◆ THE PROBLEM ◆
In the listing below, locate the line containing "60-64 Chevrolet Car" and copy it and every line after it through the end, exactly as written, leaving out any pictures.

+++ DATA SUPPLIED

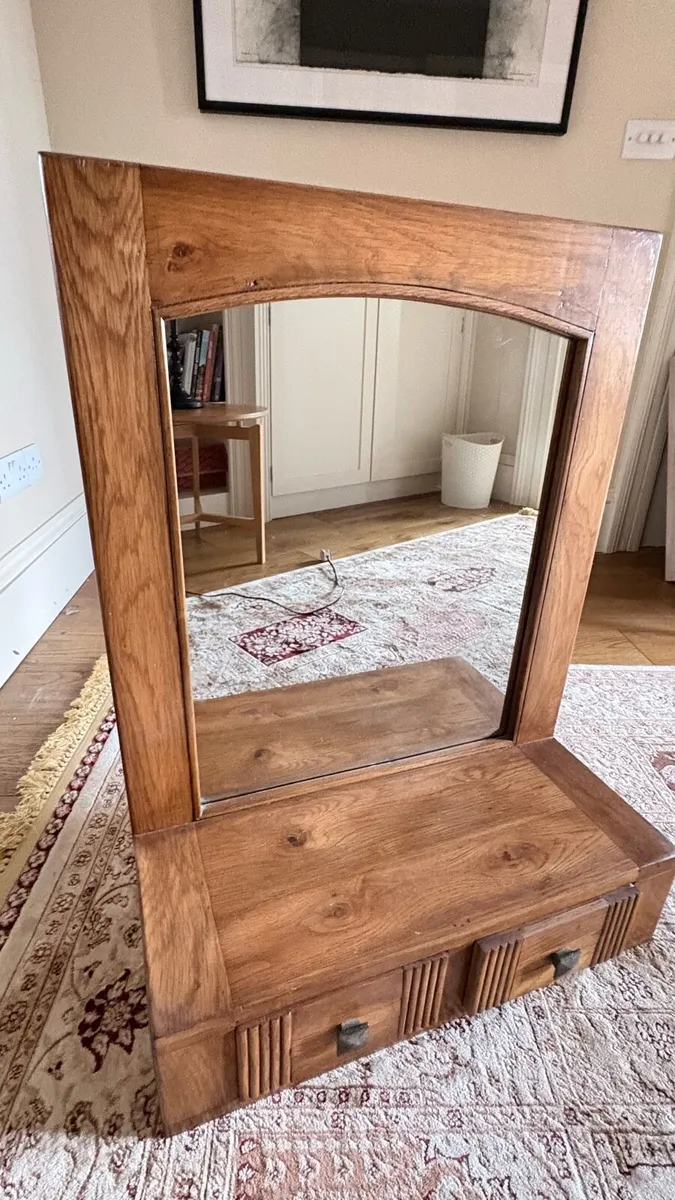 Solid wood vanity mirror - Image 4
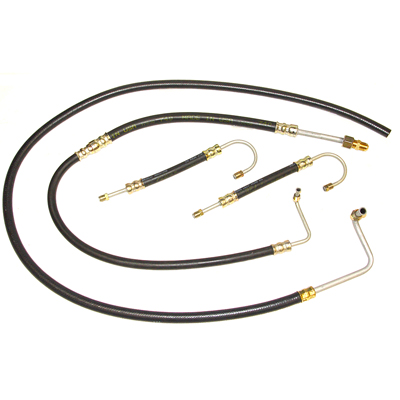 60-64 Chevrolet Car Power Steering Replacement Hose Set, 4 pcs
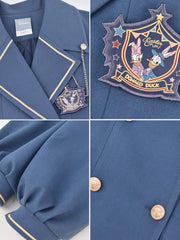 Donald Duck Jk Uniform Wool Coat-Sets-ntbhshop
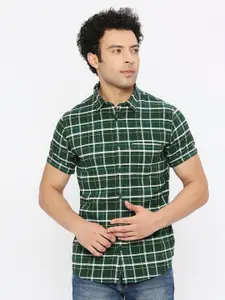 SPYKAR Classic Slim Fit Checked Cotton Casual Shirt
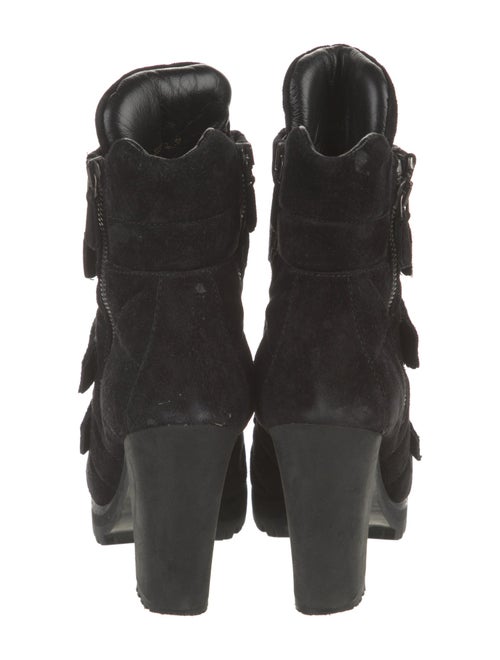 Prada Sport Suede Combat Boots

++++++

◆ ANSWER SPACE ◆
 60-64 Chevrolet Car Power Steering Replacement Hose Set, 4 pcs
 Donald Duck Jk Uniform Wool Coat-Sets-ntbhshop
 SPYKAR Classic Slim Fit Checked Cotton Casual Shirt
 Prada Sport Suede Combat Boots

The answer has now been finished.